Il fut un temps, j’acceptais toutes les demandes de contact Viadeo. Aujourd’hui, ma liste de contacts répertorie mes anciens collègues, des freelances avec lesquels je suis en contact par ailleurs, quelques clients et… une bonne moitié je pense de parfaits inconnus.

A quoi ça sert ?

A rien. La plupart de ces gens sont des collectionneurs de contacts, leurs demandes de mise en relation ne sont pas motivées (simplement la question-type « j’aimerais vous ajouter à ma liste de contacts ») et ils ne me contactent jamais ensuite.

Pourquoi les collectionner, alors ?

Après en avoir supprimé certains (c’est compliqué, mais on y arrive), je les ai vus revenir dans la foulée : ils ne reçoivent pas de message pour leur apprendre que je les ai supprimés, mais ils voient que je suis passée sur leur profil. Donc, ils s’imaginent que je m’intéresse à eux, et bam, nouvelle demande de contact. Que je refuse, hein, on ne va pas recommencer pour rien !

Comment éviter d’en avoir toujours plus ?
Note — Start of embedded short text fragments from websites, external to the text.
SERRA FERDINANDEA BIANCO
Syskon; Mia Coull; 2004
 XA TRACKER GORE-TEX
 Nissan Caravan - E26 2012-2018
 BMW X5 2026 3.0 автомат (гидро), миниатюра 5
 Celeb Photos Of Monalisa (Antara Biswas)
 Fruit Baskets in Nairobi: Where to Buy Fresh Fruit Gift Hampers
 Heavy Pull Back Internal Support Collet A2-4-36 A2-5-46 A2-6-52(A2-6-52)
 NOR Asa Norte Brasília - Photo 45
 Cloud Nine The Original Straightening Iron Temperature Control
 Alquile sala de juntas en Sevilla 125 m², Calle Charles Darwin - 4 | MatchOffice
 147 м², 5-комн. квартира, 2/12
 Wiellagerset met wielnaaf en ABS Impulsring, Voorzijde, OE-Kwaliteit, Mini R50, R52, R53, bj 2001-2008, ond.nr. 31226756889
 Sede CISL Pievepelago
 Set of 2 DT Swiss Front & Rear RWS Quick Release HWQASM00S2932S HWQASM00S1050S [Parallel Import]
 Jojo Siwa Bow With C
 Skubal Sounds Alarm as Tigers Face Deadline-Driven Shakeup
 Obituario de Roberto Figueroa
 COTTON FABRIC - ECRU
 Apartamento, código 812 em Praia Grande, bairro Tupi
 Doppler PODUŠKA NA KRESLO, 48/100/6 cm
Il y aussi les gros malins qui me contactent en me disant « j’ai vu que vous aviez consulté mon profil, voulez-vous que je vous envoie mon book ?« . Bonne blague, je ne consulte jamais de profil, je ne vais jamais sur Viadeo, je regarde juste une fois par mois si j’ai de nouvelles demandes de contact. Donc j’archive leur demande. Comme j’archive systématiquement toutes les demandes de contacts de personnes ayant plus de 1 000 contacts. Trop louche ;-).

Pourquoi je ne supprime pas tout simplement mon profil ?

J’ai pensé supprimer mon profil, mais je veux garder mes anciens collègues. Donc, un jour ou l’autre, je prendrai du temps pour supprimer tout le monde, sauf mes anciens collègues. Je ne peux pas leur envoyer à tous des messages toutes les semaines, mais j’aime bien savoir ce qu’ils deviennent et, à l’occasion, prendre de leurs nouvelles.

…Et vous, vous faites comment ?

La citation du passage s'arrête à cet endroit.